There came a knocking at the door, rapid, insistent. Grateful for the interruption, Rotherby went to open.

Mr. Green staggered forward with swollen eyes, his face inflamed with rage, and with something else that was not quite apparent to Rotherby.

“My lord!” he cried in a loud, angry voice.

Rotherby caught his wrist and checked him. “Sh! sir,” he said gravely. “Not here.” And he pushed him out again, her ladyship following them.

It was in the gallery—above the hall, in which the servants still stood idly about—that Mr. Green spattered out his wrathful tale of what had befallen in the library.

Rotherby shook him as if he had been a rat. “You cursed fool!” he cried. “You left him there—at the desk?”

“What help had I?” demanded Green with spirit. “My eyes were on fire. I couldn't see, and the pain of them made me helpless.”

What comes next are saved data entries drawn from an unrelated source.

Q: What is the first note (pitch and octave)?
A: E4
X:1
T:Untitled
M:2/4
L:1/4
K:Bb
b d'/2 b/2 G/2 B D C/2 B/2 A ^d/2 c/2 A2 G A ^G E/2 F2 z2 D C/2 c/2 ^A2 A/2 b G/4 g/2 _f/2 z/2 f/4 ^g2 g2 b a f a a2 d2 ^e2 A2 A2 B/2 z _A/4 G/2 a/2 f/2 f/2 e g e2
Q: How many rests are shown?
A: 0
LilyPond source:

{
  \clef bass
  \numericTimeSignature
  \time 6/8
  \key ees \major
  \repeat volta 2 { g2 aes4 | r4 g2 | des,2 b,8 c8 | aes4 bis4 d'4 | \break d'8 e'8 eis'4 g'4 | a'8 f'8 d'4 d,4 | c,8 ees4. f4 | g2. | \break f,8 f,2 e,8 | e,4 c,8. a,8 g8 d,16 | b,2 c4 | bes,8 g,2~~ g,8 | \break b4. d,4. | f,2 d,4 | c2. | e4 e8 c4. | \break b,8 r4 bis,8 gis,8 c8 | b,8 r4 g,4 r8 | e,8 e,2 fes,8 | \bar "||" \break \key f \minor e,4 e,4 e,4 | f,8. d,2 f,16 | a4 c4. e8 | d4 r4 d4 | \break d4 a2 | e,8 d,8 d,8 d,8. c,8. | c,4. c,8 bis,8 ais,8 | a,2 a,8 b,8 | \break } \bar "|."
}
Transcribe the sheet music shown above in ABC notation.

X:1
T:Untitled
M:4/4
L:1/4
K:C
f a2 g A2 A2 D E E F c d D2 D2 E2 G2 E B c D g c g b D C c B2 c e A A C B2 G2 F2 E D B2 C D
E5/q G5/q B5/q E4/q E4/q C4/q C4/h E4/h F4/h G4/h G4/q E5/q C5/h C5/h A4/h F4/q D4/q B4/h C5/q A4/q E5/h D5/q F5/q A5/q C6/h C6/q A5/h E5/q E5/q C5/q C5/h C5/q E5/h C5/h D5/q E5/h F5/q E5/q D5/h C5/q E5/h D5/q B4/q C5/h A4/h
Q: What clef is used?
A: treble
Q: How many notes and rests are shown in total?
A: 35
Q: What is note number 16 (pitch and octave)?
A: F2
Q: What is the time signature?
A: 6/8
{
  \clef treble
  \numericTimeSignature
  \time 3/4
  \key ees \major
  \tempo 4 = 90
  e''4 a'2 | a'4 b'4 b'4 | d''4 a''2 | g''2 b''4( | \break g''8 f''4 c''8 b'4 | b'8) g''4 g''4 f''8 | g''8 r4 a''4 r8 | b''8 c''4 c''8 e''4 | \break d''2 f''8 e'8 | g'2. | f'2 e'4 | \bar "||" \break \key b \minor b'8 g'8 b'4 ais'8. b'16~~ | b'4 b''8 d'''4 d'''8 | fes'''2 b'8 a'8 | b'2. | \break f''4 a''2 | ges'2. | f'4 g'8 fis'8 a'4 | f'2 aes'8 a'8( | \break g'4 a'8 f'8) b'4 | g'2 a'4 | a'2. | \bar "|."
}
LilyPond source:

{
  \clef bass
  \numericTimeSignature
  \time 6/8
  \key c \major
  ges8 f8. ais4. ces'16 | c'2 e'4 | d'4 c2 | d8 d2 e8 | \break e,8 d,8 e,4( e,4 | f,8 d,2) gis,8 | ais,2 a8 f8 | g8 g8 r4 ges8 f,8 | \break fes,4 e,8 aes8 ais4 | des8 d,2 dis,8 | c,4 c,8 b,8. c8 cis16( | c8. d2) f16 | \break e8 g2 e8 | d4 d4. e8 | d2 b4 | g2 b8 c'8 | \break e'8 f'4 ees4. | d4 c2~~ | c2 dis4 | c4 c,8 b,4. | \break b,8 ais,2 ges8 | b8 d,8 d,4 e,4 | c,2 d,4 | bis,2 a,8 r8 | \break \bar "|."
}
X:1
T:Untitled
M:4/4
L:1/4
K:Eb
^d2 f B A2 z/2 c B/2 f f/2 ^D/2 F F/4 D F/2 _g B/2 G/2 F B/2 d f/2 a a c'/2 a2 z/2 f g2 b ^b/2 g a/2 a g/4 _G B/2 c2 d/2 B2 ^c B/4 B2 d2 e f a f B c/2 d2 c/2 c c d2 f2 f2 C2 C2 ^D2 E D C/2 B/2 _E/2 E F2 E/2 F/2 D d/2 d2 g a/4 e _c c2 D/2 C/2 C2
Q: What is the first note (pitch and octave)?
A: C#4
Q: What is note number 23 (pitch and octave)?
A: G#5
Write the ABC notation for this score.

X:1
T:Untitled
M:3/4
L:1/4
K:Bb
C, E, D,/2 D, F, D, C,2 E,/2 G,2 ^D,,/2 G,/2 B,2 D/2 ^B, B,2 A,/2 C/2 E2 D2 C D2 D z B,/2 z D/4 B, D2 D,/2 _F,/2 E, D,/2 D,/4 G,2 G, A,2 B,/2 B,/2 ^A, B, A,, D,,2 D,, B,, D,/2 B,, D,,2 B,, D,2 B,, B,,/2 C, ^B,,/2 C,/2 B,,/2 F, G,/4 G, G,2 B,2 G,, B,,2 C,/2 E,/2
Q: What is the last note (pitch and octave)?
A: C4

“Then why did ye not send word to me at once, you fool?”

“Because I was concerned only to stop my eyes from burning,” answered Mr. Green, in a towering rage at finding reproof where he had come in quest of sympathy. “I have come to you at the first moment, damn you!” he burst out, in full rebellion. “And you'll use me civilly now that I am come, or—ecod!—it'll be the worse for your lordship.”

Rotherby considered him through a faint mist that rage had set before his eyes. To be so spoken to—damned indeed!—by a dirty spy! Had he been alone with the man, there can be little doubt but that he would have jeopardized his very precarious future by kicking Mr. Green downstairs. But his mother saved him from that rashness. It may be that she saw something of his anger in his kindling eye, and thought it well to intervene.

She set a hand on his sleeve. “Charles!” she said to him in a voice that was dead cold with warning.

He responded to it, and chose discretion. He looked Green over, nevertheless. “I vow I'm very patient with you,” said he, and Green had the discretion on his side to hold his tongue. “Come, man, while we stand talking here that knave may be destroying precious evidence.”

And his lordship went quickly down the stairs, Mr. Green following hard upon his heels, and her ladyship bringing up the rear.

At the door of the library Rotherby came to a halt, and turned the handle. The door was locked. He beckoned a couple of footmen across the hall, and bade them break it open.